Когда поезд тронулся и Марусины слезы наконец иссякли, я услышала ее историю. Она была студенткой третьего курса Ростовского пединститута. С их курса была арестована целая группа. Она сидела уже четыре месяца, и мать приносила ей передачи, потому и набралось у нее так много барахла. Но как только доходило до того, за что же ее арестовали и в чем обвиняют, Маруся опять принималась рыдать:
– Я ни в чем, ни в чем не виновата!.. А меня расстреливать везут!
Я старалась, как могла, успокоить ее:
– Ну что вы, Маруся! Какие расстрелы!.. Очень хорошо, что везут. В Москву везут – там разберутся. Раз вы не виноваты, чего же бояться? Со мной вот тоже недоразумение…

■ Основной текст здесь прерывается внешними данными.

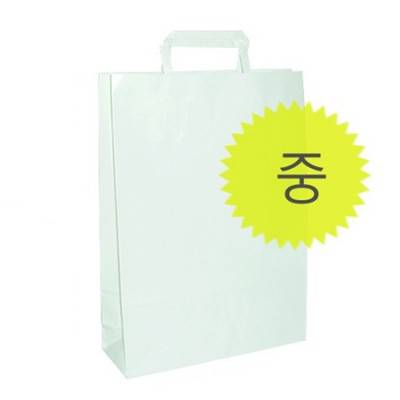 백색 자동 종이쇼핑백(중-255*90*355mm 두께 120g)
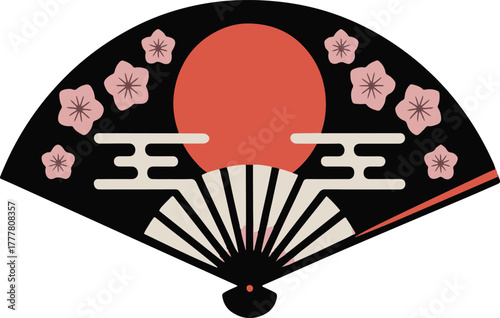 Japanese Fan Design with Cherry Blossoms and Rising Sun Illustration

И я рассказывала ей в утешение, как была арестована, совершенно неизвестно за что и почему. Притихшая Маруся слушала, но потом с тоской твердила свое:
– Вот погодите… Пойдете на допрос, тогда узнаете.
– Что узнаю?
Маруся не могла ответить, что именно я узнаю, только с глубокими вздохами повторяла:
– Ах, тогда узнаете!..
Как она была права, эта девочка! Конечно, она уже имела опыт, знала, что такое «допрос». Марусю не расстреляли. Она получила всего три года – тогда еще давали три! – за болтовню. А меня судил военный трибунал как особо опасную преступницу и террористку…
Итак, мы ехали в Москву. Наутро наши конвоиры, устроившись у бокового столика, с аппетитом начали уплетать свой нехитрый солдатский завтрак – толстенные ломти хлеба, приправляя их фасолевыми консервами. У нас с Марусей потекли слюнки.
– А арестованных кормить полагается? – спросила я.
Солдаты смешались.
– Сейчас доложу, – буркнул один из них и пошел докладывать.
Вскоре явился «маленький капрал».
– Вы что, на дорогу пайку не получили?